[Web page caption snippets]

———

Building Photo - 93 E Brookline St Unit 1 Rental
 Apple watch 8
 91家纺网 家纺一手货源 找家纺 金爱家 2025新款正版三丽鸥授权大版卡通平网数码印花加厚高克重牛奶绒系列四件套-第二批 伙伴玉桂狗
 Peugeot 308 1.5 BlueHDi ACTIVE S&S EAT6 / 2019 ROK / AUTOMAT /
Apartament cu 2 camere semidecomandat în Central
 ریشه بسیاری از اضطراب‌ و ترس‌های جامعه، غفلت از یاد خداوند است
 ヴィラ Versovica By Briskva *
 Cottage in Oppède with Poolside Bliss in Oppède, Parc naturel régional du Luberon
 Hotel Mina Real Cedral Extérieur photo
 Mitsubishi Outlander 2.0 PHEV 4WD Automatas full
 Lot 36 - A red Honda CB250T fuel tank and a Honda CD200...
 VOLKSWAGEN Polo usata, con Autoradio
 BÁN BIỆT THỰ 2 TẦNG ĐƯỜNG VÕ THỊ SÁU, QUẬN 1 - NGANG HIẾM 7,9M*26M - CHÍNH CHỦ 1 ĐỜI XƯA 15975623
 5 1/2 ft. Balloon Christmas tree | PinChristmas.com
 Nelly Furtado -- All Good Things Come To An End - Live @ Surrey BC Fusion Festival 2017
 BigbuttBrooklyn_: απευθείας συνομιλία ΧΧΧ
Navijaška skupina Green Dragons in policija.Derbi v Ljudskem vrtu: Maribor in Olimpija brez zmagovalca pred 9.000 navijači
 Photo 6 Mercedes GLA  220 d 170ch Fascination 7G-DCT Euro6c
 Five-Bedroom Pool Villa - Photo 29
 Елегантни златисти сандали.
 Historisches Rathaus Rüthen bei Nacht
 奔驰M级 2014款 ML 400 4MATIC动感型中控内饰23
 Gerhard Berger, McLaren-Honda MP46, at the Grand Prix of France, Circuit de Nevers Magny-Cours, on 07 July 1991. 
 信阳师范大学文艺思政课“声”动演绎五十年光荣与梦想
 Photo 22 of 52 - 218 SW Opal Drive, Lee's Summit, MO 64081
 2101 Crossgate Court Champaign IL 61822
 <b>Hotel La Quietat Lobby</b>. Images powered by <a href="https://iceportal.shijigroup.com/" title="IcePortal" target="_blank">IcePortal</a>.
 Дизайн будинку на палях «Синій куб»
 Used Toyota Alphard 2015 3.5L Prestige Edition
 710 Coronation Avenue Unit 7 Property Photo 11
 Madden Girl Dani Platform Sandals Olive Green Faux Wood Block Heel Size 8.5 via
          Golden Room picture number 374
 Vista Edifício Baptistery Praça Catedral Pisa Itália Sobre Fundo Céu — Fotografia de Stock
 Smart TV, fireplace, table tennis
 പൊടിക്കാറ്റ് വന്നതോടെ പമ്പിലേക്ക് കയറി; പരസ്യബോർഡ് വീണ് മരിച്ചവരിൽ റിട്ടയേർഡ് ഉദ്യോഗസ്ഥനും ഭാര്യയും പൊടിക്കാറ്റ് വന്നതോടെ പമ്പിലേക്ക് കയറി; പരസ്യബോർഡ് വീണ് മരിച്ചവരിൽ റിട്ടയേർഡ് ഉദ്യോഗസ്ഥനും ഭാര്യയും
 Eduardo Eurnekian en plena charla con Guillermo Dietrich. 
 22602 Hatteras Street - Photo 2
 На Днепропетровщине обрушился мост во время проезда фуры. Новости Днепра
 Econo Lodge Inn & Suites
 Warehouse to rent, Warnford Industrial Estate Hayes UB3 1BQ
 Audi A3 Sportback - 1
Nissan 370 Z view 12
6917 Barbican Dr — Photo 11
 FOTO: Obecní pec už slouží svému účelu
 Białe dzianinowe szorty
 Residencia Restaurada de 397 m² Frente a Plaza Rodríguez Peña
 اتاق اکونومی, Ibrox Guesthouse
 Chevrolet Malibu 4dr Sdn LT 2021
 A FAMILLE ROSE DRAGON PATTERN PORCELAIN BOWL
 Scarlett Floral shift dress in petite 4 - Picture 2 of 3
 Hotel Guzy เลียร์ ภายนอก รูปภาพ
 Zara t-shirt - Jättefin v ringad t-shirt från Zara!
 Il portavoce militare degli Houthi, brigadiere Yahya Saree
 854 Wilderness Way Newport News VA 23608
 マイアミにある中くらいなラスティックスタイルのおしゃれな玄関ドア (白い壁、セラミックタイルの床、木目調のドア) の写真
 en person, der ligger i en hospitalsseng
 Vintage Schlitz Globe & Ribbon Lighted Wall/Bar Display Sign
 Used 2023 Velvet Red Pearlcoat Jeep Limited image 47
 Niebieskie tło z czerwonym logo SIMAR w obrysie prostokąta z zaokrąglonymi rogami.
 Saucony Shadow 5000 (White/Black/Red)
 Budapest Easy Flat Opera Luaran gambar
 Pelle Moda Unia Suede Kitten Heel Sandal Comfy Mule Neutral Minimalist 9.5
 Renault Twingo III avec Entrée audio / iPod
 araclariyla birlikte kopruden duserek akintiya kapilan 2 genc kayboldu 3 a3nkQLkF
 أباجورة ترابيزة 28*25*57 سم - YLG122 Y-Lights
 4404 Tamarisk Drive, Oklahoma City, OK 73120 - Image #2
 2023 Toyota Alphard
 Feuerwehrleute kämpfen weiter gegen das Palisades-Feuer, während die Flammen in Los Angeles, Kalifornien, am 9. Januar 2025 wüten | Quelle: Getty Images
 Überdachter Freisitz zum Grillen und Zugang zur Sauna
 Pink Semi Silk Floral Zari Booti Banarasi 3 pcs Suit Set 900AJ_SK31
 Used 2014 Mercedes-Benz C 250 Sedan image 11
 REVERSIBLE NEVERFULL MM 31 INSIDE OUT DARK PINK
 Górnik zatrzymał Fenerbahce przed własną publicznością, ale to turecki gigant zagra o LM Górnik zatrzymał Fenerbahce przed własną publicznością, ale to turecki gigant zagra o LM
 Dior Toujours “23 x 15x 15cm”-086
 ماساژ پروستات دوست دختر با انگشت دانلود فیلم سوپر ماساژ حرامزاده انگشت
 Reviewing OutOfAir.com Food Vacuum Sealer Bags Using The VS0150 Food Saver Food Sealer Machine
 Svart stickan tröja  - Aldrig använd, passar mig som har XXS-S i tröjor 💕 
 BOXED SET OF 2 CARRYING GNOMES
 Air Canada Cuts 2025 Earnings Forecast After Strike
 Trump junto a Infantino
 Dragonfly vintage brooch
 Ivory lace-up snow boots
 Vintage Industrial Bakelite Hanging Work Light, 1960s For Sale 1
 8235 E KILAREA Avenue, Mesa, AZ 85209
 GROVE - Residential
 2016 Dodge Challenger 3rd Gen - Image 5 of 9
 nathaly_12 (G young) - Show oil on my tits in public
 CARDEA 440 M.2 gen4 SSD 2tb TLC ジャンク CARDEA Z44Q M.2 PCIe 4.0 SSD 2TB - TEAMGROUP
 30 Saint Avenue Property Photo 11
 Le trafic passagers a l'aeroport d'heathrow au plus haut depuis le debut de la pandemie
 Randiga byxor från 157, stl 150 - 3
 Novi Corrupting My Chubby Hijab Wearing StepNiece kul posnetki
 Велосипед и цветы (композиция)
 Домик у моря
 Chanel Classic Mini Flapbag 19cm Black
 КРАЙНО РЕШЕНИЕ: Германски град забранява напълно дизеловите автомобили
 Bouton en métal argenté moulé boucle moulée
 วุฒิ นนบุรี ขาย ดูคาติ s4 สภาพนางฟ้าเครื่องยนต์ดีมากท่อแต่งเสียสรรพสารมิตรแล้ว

———

INSTRUCTIONS FOR THE TASK:
Only the number should be given: how many lines of the data contain the word "Property"?

SOLUTION BELOW:
2